We put Gemini Omni Flash to the test, creating 10-second video clips with added audio and image references. The goal was to build an ad campaign for an iced Americano brand called Bean Up — targeting young people who might enjoy a can on the beach, by the swimming pool, at a picnic, or simply while chilling at home. The drink contains zero sugar and is made with high-quality Arabica beans. The series of videos was set across Calcutta, Bengaluru, and Mumbai.

The output was reasonable — good enough for a few social media posts and a laugh or two. That said, you'll need a fair number of credits to get through the entire process. We're currently on the Google AI Pro (5TB) plan at ₹1,950 a month. Depending on your needs you can keep paying, but be warned: this can become addictive and expensive.

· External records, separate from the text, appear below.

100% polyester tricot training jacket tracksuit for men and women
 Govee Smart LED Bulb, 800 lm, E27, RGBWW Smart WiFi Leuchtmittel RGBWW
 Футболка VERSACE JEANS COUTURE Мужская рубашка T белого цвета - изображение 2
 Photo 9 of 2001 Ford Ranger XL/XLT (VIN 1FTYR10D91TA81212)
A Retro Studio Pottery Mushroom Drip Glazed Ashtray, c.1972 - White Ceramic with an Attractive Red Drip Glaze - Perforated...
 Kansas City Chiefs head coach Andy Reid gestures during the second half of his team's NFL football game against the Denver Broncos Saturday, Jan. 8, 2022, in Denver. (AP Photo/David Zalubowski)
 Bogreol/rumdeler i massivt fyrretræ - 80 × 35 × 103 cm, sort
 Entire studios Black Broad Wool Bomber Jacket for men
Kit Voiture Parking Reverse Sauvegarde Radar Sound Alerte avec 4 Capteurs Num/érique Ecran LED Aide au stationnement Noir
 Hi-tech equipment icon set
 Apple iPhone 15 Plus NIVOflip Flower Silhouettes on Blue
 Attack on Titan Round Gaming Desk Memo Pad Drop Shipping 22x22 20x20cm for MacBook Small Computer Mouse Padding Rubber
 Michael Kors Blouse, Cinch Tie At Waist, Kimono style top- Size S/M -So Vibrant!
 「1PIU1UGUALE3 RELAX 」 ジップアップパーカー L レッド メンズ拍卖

We also used the new model to create three ten-second videos of a real-world stuffed toy named Stuffy. It looks a bit like the dragon from Doc McStuffins. The idea was to make Stuffy travel from Calcutta to London and then have tea at Buckingham Palace — just the perfect fodder to keep toddlers happy. First, we took a picture of Stuffy and uploaded it into Flow. Then the magic of prompting began.

On the editing side, you can drag in a video you've created or upload one from your device, then prompt the agent to insert new elements, modify things within a scene, or remove elements entirely — such as clearing cars from around a motorbike. You can even swap out the background of a scene while preserving the motion of a character, so if you have footage of someone running through a location, the shots will still match the original movement, adjusted to fit the new setting. All of this is done simply by chatting with the Agent within your project on Google Flow.

One of the biggest new additions is the characters and avatar feature. You can describe how a character looks, then save them as a reusable asset and reference them by name across multiple scenes and prompts. Each character can be assigned a consistent voice, and whenever they appear, their look and voice are preserved — no need to keep re-prompting. You can combine characters too, referencing two in a single prompt to have them interact.

One of the most exciting new elements in Flow is the Tools section, which takes vibe coding to a whole new creative level. You can build any tool you can think of to assist with your video creation — browse what others have already made, such as colour palettes, filters, scene comparison tools, and drawing overlays, or code your own directly within Flow using Gemini. The tool is built in front of you, usable like an app, and publishable once you're happy with it. One we've found particularly useful is a grid tool that lets you upload four to eight clips, organise them into a layout of your choosing, and download the result — perfect for the kind of comparison content that performs well on social media.